Findings: Violence and sexual offences had the highest number of reported crimes, leading by a significant margin. This was followed by public order crimes. In contrast, exclusive crimes recorded the fewest cases.

Top 15 Locations by Number of Crimes

final_cleaned_data %>%
  count(location, sort = TRUE) %>%
  slice_max(n, n = 15) %>%
  ggplot(aes(x = reorder(location, n), y = n)) +
  geom_col(fill = "tomato") +
  geom_text(aes(label = n), hjust = -0.1, size = 1) +
  coord_flip() +
  labs(title = "Top 15 Locations by Number of Crimes",x = "Location",y = "Number of Crimes" ) +
  theme_minimal(base_size = 8)

Findings: The most common crime locations included public areas such as supermarkets, parking areas, petrol stations, and recreation spaces. Supermarkets were the leading location, recording over 2,600 incidents, followed by parking areas and petrol stations. This highlights the concentration of criminal activity in and around commercial and high-traffic public zones.

Spatial Overview of Reported Crimes (Apr–Sep 2020)

Since PDF does not support interactive maps, the Leaflet map was rendered in HTML and a screenshot of the output is what is attached after the code. This map visualizes 5,000 randomly sampled crime incidents across West Yorkshire. Each point is color-coded by reporting agency that is, blue for West Yorkshire Police and red for Unknown. Interactive popups provide additional context, including the month, crime type, reporting agency, and location.This spatial visualization facilitates the identification of crime clusters and spatial patterns, while also enabling a visual comparison between records reported by known and unknown sources.

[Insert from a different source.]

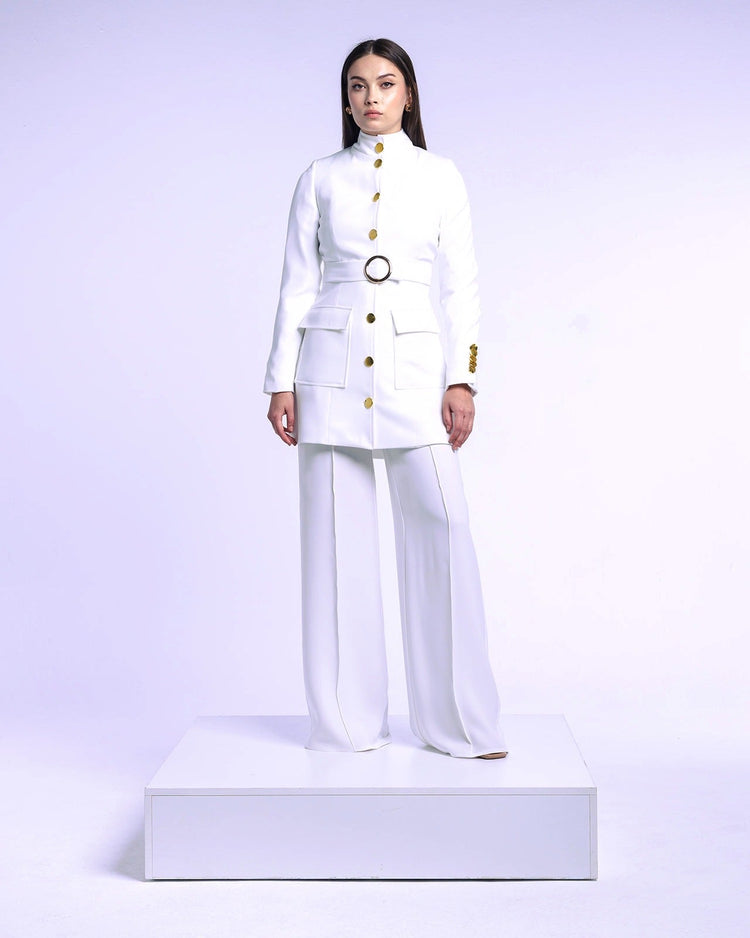 Woman wearing an elegant white tailored suit with gold buttons and wide-leg pants on a platform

#Sample 5,000 records for performance (this can be adjusted as needed)
sampled_data <- final_cleaned_data %>%
  filter(
    !is.na(latitude), !is.na(longitude),
    latitude >= 53.5, latitude <= 54.0,
    longitude >= -1.9, longitude <= -1.2
    #the coordinates are an approximate of west yorkshire boundaries
  ) %>%
  sample_n(5000)

leaflet(sampled_data) %>%
  addTiles() %>%
  addCircleMarkers(
    lng = ~longitude,
    lat = ~latitude,
    color = ~ifelse(reported_by == "West Yorkshire Police", "blue", "red"),
    radius = 3,
    stroke = FALSE,
    fillOpacity = 0.6,
    popup = ~paste0(
      "<strong>Month:</strong> ", month, "<br>",
      "<strong>Crime Type:</strong> ", crime_type, "<br>",
      "<strong>Reported By:</strong> ", reported_by, "<br>",
      "<strong>Location:</strong> ", location )  ) %>%
  addLegend("bottomright",colors = c("blue", "red"),labels = c("West Yorkshire Police", "Unknown"),title = "Reported By",opacity = 0.8)

Figure: Sampled crime incidents (5,000 points) across West Yorkshire, colored by reporting authority.

Findings: The leaflet map screenshots reveal clear crime hotspots in urban centers such as Leeds. Most incidents were reported by official policing authorities (blue markers), while a smaller cluster of unverified reports (red markers), mainly from April, suggests possible data collection or reporting data inconsistencies.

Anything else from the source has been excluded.